Live and Mo' is the tenth studio album by Keb' Mo'. It was released on October 20, 2009. It is his first album released by the Yolabelle International label which he started after leaving Sony Music in 2004. It is his first album to include live recordings, intertwined with studio tracks hand-picked by Mo' himself.
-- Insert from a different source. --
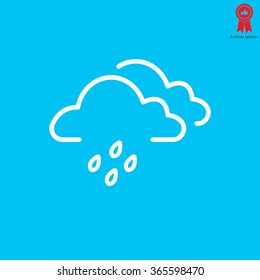 Cloud & rain isolated. Vector art.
The album is underlined with soul and jazz, and has a laid-back feel to it.

Professional ratings
Review scores
| Source | Rating |
| about.com |  |
| AllMusic |  |

==Track listing==
1. "Victims Of Comfort" (Kevin Moore, Tim Kimber) - 4:00
2. "More Than One Way Home" (John Lewis Parker, Kevin Moore) - 4:58
3. "Change" (Kevin Moore) - 4:23
4. "Shave Yo' Legs" (Jeff Paris, Kevin Moore) - 4:43
5. "Hole In The Bucket" (John Lewis Parker, Kevin Moore) - 2:54
6. "One Friend" (Kevin Moore, Zuriani Zonneveld) - 3:26
7. "The Action" (Kevin Moore) - 4:33
8. "Perpetual Blues Machines" (Georgina Graper, Kevin Moore) - 5:27
9. "Government Cheese" (Kevin Moore) - 4:39
10. "A Brand New America" (John Lewis Parker, Kevin Moore) - 3:21

==Live personnel==
- Keb' Mo' - guitars, harmonica, vocals
- Clayton Gibb - electric guitar, Dobro
- Jeff Paris - keyboards, vocals, mandolin
- Reggie McBride - bass guitar, vocals
- Les Falconer - drums, vocals

==Studio personnel==
- Keb' Mo' - guitars, bass guitar (tr.1), vocals, harmonica (tr. 2), mandolin (tr. 2)
- Les King - bass guitar (tr.2)
- Kevin Moore II - drums (tr.1, 5, 10)
- Jeff Paris - keyboards (tr.1, 9)
- Courtney Branch - percussion (tr.1, 2, 9, 10)
- Lavalle Belle - drums (tr.9)
- Andrew Gouche' - bass guitar (tr.9)
- Tracy Carter - keyboards (tr.9)
- Paulie Cerra - tenor saxophone (tr.9)
- Paul Literall- trumpet (tr.9)
- Kevin McCormick - bass guitar (tr.10)
- Gregory Wachter - keyboards (tr.10)
- Agape Children's Choir - vocals (tr.10)
- Calabria Foti- violin (tr.10)

Tracks 1, 5, 9 and 10 are studio recordings. Tracks 2, 3, 4, 6, 7 and 8 are recorded live.